3) dynamic web content for automatic issue is difficult to passed through by audit, thereby causes the website work efficiency to descend;
4) because the buying of special soft, hardware need be done in the website, the website need increase a large number of cost expenditure;
5) in the actual conditions that webpage is distorted by black chain, the web portal security institute that goes wrong causes often, so the web page contents fingerprint base also maybe be inaccurate, thereby cause large-scale wrong report or fails to report.
Therefore, a technical matters that needs those skilled in the art to solve at present is exactly that the mechanism that provides a kind of black chain to detect in order to reduce cost as far as possible, reduces under the prerequisite of manual intervention, improves efficient, confidence level and accuracy that black chain detects.
Summary of the invention
The method that the application provides a kind of black chain to detect in order to reduce cost as far as possible, reduces under the prerequisite of manual intervention, improves efficient, confidence level and accuracy that black chain detects.
The device that the application also provides a kind of black chain to detect is in order to guarantee application and the realization of said method in reality.
In order to address the above problem, the application discloses the method that a kind of black chain detects, and specifically can comprise:
Generate black chain characteristic;
The page that search comprises said black chain characteristic is a target pages;
Analyze the layout of said black chain characteristic in target pages, when finding that layout is unusual, from this target pages, extract the page elements that comprises said black chain characteristic;
Generate black chain rule according to said page elements.
Preferably, said black chain characteristic can comprise and distorts keyword and black chain URL.
Preferably, the step of the layout of the said black chain characteristic of said analysis in the characteristic page can comprise:
Whether the page elements position of judging said black chain characteristic is in the predetermined threshold value scope, if judge that then the layout of said black chain characteristic in the characteristic page is unusual;
And/or,
Whether the page elements attribute of judging said black chain characteristic is invisible attribute, if judge that then the layout of said black chain characteristic in the characteristic page is unusual;
And/or,
Whether the page elements attribute of judging said black chain characteristic is the attribute that browser is hidden, if judge that then the layout of said black chain characteristic in the characteristic page is unusual.

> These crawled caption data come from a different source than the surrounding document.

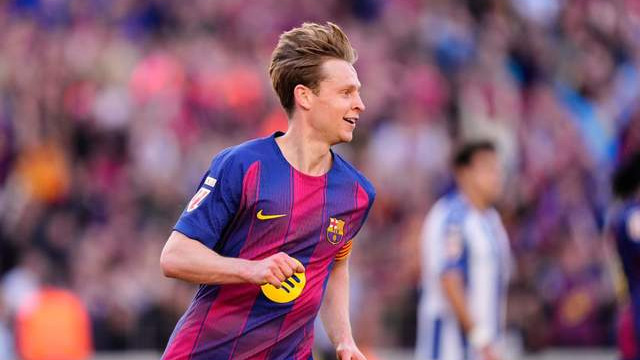 3-0！亚马尔助攻，1.4亿真核归来，巴萨主场大胜，皇马让出榜首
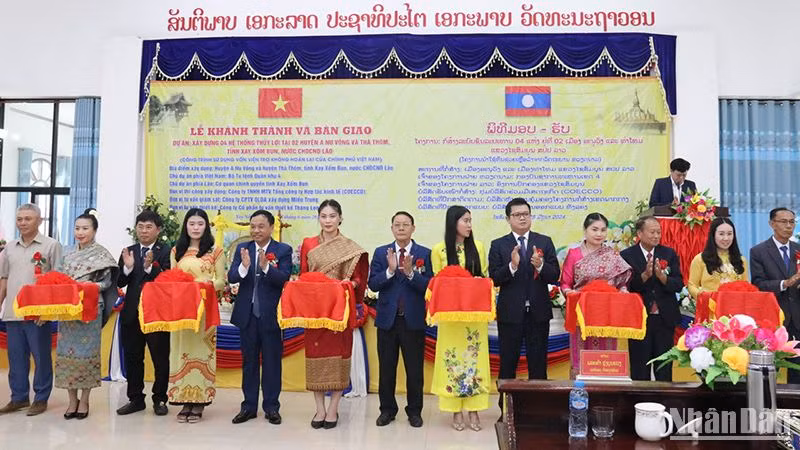 Các đại biểu cắt băng khánh thành và bàn giao dự án. (Ảnh: HẢI TIẾN)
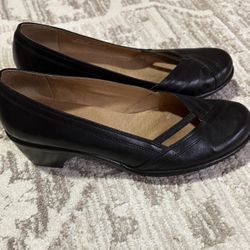 Clark’s Shoes Size 8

Preferably, said according to page elements generate black chain rule step can for:
From comprise the said page elements of distorting keyword and/or black chain URL, take out regular expression as black chain rule.

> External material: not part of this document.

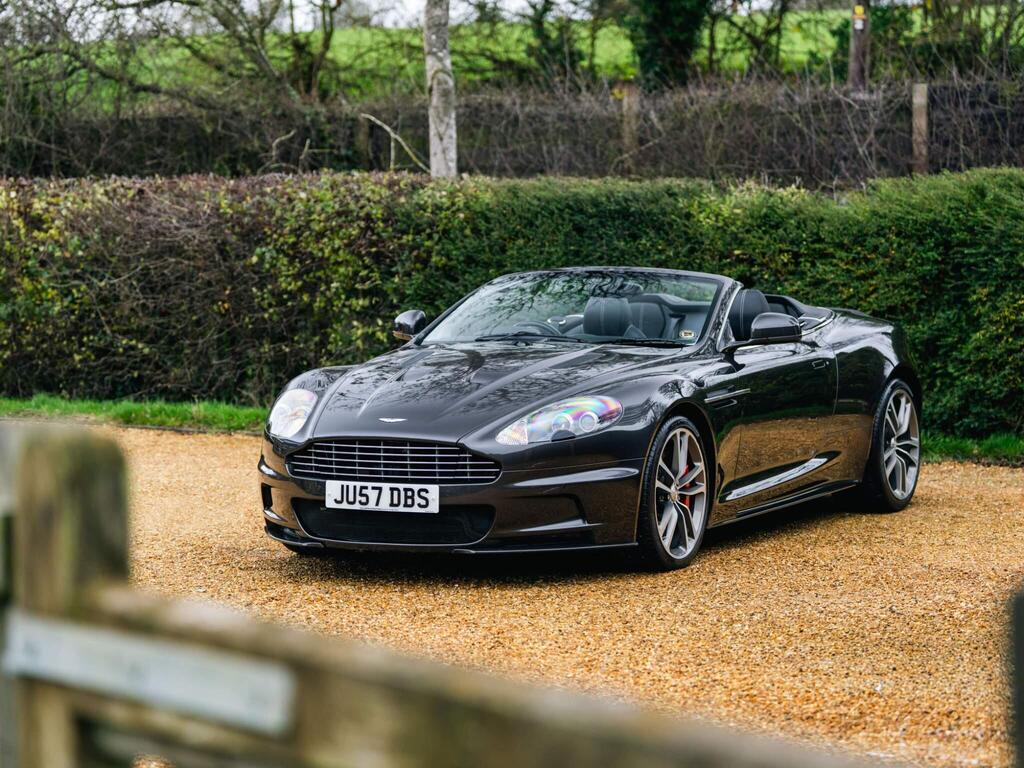 Aston Martin DBS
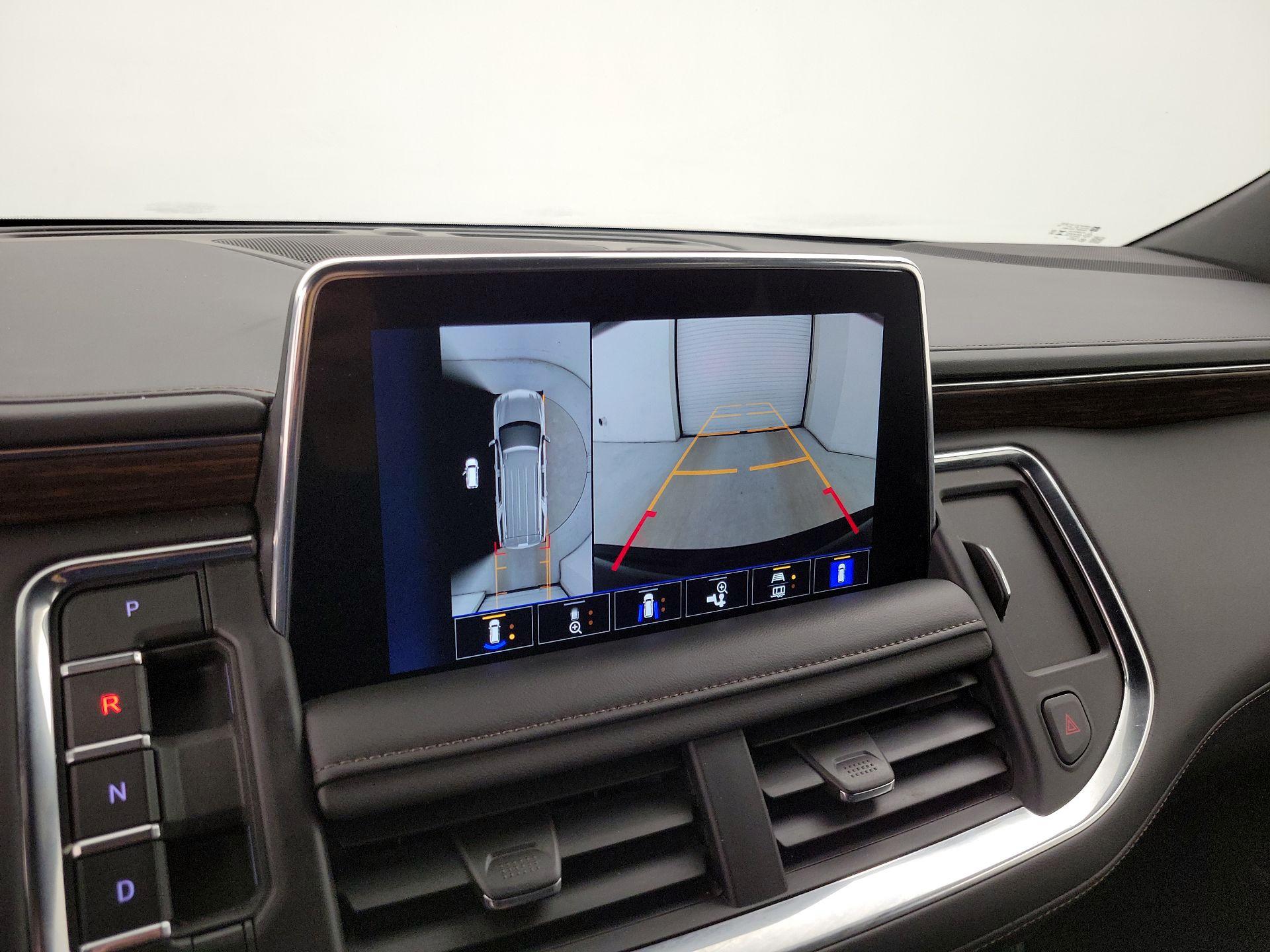 Thumbnail: 2023 Chevrolet Tahoe - 14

Preferably, described method can also comprise:
Adopt said black chain rule in other target pages, to mate, extract new black chain characteristic.
The application discloses the device that a kind of black chain detects simultaneously, specifically can comprise:
The characteristic generation module is used to generate black chain characteristic;
The target pages search module, being used to search for the page that comprises said black chain characteristic is target pages;
Topological analysis's module is used for analyzing the layout of said black chain characteristic at target pages;
The page elements extraction module is used for when finding that layout is unusual, from this target pages, extracts the page elements that comprises said black chain characteristic;
Black chain rule generation module is used for generating black chain rule according to said page elements.
Preferably, said black chain characteristic can comprise and distorts keyword and black chain URL.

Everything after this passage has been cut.